Universal 495: VSO ⇒ no Q positioned relative to a particular word in the sentence
- Original
- Question particles or affixes, when specified in position by reference to a particular word in the sentence, almost always follow that word. Such particles do not occur in languages with dominant order VSO.
- Standardized
- When the position of question particles or affixes is specified relative to a particular word in the sentence, they almost always follow that word.
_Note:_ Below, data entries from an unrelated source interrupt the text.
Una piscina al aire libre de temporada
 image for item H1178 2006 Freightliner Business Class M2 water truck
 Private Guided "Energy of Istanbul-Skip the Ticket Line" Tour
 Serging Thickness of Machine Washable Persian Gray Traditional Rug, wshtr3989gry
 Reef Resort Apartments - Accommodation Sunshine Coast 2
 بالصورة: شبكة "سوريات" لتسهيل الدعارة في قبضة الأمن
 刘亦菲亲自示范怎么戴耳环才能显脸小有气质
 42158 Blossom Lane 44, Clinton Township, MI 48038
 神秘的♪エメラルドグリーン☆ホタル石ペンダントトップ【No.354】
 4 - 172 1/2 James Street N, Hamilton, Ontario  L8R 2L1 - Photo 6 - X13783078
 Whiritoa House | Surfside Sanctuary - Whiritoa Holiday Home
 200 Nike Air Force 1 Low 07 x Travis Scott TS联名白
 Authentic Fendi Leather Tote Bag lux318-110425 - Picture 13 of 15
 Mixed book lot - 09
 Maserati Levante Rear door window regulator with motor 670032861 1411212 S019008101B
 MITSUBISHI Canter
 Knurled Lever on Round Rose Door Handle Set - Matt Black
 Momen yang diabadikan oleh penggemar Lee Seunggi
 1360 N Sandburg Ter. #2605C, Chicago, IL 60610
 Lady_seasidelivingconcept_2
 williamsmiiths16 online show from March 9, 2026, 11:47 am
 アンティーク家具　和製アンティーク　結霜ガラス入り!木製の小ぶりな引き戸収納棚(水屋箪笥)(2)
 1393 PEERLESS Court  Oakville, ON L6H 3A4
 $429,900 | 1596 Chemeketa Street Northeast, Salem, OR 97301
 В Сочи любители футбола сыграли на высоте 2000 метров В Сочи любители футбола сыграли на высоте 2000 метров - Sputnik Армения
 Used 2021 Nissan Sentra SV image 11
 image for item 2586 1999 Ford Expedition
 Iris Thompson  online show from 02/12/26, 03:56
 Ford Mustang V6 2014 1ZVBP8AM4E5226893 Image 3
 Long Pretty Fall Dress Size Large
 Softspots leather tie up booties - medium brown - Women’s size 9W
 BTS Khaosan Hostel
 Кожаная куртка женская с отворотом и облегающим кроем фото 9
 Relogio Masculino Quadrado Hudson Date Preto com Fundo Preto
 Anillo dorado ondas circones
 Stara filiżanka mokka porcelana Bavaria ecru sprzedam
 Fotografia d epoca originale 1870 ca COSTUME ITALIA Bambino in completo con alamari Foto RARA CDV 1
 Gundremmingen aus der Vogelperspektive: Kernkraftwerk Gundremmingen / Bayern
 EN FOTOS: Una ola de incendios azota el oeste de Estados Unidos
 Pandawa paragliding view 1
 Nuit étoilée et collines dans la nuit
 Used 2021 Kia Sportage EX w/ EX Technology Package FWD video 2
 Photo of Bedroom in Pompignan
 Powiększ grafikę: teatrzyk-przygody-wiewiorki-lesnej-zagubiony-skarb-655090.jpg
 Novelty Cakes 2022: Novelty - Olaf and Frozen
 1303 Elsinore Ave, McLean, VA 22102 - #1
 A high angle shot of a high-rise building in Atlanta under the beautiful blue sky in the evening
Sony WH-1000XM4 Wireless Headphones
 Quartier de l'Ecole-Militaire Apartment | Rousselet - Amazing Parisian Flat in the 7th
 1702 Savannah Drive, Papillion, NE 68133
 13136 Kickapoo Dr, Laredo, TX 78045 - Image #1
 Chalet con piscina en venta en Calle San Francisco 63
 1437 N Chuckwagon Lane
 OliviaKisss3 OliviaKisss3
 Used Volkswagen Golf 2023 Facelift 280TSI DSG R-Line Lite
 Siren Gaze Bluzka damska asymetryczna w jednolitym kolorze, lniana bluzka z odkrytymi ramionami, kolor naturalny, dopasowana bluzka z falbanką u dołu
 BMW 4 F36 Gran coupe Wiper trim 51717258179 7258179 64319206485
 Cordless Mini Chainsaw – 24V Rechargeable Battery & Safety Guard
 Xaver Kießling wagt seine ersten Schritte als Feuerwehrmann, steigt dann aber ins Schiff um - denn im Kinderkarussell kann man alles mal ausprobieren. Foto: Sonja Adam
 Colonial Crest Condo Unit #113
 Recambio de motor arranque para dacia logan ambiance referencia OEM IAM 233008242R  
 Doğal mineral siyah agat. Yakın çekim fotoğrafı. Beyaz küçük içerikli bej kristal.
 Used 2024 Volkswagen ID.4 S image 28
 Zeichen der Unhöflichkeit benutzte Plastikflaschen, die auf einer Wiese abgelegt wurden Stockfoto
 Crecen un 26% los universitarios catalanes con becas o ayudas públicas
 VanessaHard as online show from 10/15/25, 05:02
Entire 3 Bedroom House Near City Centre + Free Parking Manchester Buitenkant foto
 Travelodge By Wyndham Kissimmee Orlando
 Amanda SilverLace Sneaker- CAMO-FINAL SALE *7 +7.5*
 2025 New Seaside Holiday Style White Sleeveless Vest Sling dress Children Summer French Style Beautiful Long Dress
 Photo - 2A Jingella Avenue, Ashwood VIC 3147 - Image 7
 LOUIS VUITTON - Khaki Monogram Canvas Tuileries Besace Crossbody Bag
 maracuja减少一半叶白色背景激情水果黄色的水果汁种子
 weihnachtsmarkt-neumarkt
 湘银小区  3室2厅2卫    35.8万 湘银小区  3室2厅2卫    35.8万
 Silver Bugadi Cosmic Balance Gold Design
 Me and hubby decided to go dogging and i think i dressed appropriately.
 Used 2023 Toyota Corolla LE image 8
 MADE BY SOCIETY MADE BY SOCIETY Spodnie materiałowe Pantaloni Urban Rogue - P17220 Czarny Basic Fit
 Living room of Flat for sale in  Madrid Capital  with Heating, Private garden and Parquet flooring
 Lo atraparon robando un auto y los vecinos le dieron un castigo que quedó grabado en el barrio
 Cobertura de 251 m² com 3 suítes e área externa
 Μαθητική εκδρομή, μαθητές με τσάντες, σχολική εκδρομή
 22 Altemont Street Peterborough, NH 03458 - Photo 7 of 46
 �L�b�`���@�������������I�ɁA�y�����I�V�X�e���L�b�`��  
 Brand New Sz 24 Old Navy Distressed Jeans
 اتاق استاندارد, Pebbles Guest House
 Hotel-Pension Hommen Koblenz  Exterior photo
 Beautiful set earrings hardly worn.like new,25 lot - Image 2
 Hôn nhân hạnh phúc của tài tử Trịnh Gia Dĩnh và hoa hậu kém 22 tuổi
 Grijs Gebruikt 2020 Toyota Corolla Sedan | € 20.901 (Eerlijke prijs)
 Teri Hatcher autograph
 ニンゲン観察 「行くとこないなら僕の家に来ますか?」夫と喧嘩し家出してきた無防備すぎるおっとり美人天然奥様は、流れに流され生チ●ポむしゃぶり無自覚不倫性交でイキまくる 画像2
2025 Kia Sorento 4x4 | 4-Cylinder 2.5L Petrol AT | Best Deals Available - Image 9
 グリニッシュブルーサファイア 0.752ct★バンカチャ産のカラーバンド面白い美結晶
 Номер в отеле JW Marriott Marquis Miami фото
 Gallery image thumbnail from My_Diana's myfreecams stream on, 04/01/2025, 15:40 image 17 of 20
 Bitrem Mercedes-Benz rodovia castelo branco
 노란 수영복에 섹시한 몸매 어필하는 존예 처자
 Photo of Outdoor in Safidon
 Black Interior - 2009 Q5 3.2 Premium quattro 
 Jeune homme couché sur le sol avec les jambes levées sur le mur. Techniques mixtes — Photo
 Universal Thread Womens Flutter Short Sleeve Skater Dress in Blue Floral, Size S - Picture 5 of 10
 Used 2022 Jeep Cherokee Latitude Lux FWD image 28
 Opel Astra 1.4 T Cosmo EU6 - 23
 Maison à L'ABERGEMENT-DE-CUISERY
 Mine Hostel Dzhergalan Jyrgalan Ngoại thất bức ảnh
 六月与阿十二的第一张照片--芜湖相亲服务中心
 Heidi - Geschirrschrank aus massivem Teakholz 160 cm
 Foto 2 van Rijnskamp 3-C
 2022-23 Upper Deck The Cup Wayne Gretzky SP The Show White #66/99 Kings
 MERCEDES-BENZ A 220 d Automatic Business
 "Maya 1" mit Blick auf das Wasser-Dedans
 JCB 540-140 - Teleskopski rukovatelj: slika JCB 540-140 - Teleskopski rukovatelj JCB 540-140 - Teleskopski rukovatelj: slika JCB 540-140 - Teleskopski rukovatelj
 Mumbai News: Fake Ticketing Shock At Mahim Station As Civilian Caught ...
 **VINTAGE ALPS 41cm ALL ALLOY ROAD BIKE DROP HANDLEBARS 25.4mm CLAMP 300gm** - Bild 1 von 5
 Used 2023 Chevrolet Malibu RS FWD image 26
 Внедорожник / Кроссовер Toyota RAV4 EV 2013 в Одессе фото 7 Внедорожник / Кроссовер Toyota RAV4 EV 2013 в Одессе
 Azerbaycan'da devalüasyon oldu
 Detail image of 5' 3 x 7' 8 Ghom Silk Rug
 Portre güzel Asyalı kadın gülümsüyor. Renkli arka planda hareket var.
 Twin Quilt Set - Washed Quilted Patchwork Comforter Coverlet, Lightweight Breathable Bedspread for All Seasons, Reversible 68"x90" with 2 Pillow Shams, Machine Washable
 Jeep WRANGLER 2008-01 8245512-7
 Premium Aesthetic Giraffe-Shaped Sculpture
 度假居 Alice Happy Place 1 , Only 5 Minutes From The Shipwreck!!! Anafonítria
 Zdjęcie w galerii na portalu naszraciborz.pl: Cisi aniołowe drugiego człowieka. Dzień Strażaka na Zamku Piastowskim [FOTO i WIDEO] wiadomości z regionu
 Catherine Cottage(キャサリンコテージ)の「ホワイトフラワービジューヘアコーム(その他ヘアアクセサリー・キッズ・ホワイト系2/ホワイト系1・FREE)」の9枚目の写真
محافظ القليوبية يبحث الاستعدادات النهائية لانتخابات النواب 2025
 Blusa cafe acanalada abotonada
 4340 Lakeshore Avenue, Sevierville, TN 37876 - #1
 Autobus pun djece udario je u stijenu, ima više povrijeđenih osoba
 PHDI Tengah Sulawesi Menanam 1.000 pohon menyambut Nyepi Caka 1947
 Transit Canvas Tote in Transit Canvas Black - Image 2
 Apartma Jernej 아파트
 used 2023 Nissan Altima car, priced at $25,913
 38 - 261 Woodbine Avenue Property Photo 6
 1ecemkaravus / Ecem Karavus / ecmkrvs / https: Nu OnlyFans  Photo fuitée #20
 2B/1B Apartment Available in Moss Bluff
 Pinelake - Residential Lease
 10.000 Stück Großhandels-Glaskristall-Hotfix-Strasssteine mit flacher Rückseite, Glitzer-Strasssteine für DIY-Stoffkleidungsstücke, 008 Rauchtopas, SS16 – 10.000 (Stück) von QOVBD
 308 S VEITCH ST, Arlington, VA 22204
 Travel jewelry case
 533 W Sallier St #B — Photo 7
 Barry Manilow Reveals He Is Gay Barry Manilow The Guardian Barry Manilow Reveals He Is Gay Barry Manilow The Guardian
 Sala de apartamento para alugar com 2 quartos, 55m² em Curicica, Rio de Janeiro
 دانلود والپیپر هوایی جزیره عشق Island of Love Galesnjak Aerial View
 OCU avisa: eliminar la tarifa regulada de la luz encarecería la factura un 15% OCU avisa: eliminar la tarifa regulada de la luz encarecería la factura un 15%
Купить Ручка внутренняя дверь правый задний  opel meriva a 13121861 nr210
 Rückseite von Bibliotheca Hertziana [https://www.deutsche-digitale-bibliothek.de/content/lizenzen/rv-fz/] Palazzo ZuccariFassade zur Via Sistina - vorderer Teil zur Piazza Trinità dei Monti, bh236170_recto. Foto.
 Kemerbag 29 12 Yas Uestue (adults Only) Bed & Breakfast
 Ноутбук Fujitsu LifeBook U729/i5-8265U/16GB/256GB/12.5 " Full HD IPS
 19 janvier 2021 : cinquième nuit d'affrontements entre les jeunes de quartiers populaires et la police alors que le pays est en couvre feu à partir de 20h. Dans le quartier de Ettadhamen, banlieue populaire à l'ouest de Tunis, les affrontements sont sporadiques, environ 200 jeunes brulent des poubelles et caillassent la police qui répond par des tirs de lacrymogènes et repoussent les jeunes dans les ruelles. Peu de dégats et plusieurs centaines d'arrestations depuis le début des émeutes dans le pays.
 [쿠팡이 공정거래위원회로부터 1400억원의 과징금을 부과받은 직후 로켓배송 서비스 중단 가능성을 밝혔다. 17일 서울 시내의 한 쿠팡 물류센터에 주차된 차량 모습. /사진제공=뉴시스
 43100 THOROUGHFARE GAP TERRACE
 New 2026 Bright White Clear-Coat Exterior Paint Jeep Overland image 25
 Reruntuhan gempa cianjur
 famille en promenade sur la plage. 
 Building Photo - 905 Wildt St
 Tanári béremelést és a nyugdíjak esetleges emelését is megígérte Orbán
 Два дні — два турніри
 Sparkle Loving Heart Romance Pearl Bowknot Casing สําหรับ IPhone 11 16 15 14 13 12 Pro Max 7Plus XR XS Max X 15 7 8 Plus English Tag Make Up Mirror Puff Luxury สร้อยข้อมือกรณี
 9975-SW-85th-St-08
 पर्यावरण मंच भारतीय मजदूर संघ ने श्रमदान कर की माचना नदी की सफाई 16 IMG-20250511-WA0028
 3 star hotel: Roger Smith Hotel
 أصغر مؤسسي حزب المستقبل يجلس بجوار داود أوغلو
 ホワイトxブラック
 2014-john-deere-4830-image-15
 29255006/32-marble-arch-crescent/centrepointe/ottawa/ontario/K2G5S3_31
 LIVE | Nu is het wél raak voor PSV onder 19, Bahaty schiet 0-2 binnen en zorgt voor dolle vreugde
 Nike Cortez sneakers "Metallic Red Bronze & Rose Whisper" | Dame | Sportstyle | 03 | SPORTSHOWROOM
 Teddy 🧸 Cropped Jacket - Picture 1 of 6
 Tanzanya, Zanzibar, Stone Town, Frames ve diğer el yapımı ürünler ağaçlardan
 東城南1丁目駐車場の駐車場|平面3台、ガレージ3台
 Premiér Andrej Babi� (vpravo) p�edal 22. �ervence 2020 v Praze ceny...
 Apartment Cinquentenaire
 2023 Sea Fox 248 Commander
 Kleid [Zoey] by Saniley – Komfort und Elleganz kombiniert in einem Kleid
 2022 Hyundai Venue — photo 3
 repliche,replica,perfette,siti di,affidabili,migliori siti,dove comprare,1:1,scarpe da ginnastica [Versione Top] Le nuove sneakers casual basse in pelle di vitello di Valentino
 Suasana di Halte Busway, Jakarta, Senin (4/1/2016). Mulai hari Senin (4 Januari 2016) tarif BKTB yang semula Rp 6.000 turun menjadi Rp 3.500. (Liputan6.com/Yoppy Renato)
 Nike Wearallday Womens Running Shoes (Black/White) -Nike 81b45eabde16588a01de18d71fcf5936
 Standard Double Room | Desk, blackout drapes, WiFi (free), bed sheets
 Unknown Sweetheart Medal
IF dominant order is VSO, THEN there are no such question particles or affixes.
- Keywords
- order, sentence type, interrogative, VSO, question marker
- Domain
- inflection, syntax
- Type
- implication
- Status
- achronic
- Quality
- statistical
- Basis
- 30 languages of Greenberg 1963 sample
- Source
- Greenberg 1963: 82, #10
- Counterexamples
- Coatzospan Mixtec (Oto-Manguean), which is VSO but has the Q particle suffixed to the constituent being questioned (Pickett 1983: 537).Agta (W. Malayo-Polynesian, Austronesian), Chontal (Hokan), Diola (Atlantic, Niger-Congo), Scottish Gaelic (Celtic, Indo-European) are all VSO and do make use of Q particles (Ultan 1978c: 232, who is not, however, very specific as to these Q particles being positioned relative to a particular word).